(Collected data)
-*-

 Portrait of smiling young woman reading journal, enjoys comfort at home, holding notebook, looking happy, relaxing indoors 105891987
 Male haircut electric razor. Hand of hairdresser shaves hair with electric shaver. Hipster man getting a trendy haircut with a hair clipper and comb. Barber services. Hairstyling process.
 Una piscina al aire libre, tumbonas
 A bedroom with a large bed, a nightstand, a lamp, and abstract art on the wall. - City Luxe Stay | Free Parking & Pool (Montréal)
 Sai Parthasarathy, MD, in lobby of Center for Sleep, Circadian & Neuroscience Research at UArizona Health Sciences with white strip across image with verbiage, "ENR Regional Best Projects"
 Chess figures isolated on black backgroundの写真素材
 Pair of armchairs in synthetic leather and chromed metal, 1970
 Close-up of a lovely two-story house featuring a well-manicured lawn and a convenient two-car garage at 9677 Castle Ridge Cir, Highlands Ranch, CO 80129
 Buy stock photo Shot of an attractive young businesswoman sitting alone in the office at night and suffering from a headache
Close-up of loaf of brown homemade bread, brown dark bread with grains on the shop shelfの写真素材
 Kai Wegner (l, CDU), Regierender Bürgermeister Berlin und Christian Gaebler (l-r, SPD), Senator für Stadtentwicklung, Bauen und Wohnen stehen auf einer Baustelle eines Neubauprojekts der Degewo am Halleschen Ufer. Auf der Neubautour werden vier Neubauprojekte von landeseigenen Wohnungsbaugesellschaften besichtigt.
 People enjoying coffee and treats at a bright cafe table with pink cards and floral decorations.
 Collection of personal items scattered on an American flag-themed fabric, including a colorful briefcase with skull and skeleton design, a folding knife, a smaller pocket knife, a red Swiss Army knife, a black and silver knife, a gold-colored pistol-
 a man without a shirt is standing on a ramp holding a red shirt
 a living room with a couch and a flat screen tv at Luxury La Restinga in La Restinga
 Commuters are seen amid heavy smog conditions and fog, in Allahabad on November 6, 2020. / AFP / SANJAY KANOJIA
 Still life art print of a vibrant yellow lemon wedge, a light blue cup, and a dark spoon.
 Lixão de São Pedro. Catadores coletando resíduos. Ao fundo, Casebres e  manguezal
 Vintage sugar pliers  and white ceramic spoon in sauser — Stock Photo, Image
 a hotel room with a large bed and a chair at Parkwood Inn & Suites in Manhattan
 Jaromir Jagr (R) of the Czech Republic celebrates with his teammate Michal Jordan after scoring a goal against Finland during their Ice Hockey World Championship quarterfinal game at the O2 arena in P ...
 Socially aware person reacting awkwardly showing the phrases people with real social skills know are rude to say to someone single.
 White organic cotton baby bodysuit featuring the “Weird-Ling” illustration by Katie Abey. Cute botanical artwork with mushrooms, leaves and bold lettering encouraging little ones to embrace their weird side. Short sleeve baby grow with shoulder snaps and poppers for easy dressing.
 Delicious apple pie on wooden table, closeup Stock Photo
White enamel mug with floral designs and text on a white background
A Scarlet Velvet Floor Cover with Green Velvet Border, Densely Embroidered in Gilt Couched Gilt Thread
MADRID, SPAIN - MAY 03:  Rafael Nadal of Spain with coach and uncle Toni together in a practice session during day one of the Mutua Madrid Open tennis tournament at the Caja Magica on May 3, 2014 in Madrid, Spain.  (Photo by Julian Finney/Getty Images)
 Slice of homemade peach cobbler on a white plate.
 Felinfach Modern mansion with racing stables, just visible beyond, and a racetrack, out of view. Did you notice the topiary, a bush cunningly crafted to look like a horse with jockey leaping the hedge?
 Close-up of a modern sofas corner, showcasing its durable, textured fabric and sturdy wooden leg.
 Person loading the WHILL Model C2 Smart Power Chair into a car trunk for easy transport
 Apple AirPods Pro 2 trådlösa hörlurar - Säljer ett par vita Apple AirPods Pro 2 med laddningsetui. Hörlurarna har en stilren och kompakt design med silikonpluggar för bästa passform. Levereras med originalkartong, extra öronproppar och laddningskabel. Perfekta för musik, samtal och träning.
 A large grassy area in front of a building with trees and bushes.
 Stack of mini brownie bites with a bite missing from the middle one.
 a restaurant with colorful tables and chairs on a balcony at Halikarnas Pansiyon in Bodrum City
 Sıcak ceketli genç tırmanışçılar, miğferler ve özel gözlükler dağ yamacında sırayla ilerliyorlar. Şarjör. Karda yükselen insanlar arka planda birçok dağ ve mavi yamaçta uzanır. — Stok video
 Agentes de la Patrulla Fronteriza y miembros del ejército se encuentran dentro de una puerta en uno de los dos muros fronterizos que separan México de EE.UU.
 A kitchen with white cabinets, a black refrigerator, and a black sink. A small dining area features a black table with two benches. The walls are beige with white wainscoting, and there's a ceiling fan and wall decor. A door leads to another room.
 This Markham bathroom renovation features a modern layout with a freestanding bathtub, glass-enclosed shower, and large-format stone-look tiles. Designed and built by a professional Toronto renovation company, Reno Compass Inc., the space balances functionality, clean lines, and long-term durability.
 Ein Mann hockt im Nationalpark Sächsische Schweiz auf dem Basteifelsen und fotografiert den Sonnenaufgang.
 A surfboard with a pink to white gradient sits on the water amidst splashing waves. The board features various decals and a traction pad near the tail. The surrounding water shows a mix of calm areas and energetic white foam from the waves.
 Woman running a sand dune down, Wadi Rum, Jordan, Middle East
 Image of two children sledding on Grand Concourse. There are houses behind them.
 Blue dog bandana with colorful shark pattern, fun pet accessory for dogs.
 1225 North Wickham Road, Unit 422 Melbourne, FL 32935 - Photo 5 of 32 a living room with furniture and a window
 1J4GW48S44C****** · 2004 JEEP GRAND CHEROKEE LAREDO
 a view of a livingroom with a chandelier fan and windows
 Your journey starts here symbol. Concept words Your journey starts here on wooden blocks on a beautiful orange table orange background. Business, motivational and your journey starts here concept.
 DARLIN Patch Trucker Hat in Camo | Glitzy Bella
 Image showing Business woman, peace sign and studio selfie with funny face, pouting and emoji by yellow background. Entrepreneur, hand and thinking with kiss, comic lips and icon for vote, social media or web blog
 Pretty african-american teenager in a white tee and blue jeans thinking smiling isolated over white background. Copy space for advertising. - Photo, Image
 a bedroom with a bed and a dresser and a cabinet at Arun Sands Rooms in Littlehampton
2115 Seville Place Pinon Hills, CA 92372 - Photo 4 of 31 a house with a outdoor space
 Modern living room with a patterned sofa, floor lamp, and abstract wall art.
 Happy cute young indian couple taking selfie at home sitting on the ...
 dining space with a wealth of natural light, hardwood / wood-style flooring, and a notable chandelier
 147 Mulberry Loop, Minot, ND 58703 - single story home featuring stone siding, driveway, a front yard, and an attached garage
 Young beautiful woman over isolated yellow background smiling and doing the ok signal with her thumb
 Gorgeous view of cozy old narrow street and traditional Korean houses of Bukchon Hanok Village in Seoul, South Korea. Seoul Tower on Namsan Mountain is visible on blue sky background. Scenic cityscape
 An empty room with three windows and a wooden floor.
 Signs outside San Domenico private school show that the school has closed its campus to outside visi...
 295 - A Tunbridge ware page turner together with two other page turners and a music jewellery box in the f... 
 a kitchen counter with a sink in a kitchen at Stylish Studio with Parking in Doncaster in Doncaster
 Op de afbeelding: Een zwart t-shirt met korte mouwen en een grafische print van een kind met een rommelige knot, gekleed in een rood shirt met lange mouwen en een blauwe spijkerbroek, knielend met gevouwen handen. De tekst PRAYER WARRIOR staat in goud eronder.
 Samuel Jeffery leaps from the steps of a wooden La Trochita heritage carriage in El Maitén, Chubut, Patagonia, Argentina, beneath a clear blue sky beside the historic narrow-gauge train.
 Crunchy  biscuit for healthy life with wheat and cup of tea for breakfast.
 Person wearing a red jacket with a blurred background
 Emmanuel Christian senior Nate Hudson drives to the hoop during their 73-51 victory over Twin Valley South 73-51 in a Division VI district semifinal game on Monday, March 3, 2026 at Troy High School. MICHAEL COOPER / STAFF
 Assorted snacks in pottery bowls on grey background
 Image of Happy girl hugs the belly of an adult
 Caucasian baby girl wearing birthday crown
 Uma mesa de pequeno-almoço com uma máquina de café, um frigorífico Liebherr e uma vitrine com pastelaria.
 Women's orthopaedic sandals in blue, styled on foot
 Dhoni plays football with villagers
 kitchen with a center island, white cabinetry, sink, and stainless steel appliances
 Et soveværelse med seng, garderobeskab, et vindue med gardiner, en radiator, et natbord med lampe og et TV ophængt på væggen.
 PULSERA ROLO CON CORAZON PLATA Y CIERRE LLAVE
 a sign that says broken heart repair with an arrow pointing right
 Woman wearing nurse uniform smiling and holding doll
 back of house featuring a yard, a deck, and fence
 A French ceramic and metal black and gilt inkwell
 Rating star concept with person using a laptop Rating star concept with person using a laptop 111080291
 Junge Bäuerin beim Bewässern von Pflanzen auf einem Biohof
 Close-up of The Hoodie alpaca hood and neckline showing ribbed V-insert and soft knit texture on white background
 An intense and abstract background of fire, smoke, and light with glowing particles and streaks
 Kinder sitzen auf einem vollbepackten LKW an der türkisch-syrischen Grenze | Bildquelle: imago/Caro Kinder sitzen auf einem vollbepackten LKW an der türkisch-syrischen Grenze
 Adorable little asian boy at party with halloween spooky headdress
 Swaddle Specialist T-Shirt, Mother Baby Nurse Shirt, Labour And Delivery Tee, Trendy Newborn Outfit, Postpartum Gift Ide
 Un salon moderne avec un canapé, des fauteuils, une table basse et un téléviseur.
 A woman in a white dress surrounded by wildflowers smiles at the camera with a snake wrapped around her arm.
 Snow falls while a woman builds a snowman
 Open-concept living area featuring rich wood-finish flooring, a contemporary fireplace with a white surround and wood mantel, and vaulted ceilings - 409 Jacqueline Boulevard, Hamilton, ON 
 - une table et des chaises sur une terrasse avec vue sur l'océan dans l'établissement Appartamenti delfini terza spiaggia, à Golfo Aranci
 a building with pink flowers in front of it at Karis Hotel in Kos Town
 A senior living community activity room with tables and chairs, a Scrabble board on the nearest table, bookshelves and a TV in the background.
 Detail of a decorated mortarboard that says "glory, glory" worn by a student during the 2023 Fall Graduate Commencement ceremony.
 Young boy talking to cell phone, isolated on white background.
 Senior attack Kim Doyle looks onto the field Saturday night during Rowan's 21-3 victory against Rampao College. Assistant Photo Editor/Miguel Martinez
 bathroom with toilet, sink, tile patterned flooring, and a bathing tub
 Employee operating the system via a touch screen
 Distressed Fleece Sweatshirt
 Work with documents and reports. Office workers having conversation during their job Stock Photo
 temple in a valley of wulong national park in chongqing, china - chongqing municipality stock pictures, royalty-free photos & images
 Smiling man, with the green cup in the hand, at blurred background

-*-

### WHAT IS BEING ASKED
Take the line above containing "Dhoni plays football with villagers", the line containing "Junge Bäuerin beim", and all lines in between, and copy them exactly without anything else.

### TASK RESPONSE
 Dhoni plays football with villagers
 kitchen with a center island, white cabinetry, sink, and stainless steel appliances
 Et soveværelse med seng, garderobeskab, et vindue med gardiner, en radiator, et natbord med lampe og et TV ophængt på væggen.
 PULSERA ROLO CON CORAZON PLATA Y CIERRE LLAVE
 a sign that says broken heart repair with an arrow pointing right
 Woman wearing nurse uniform smiling and holding doll
 back of house featuring a yard, a deck, and fence
 A French ceramic and metal black and gilt inkwell
 Rating star concept with person using a laptop Rating star concept with person using a laptop 111080291
 Junge Bäuerin beim Bewässern von Pflanzen auf einem Biohof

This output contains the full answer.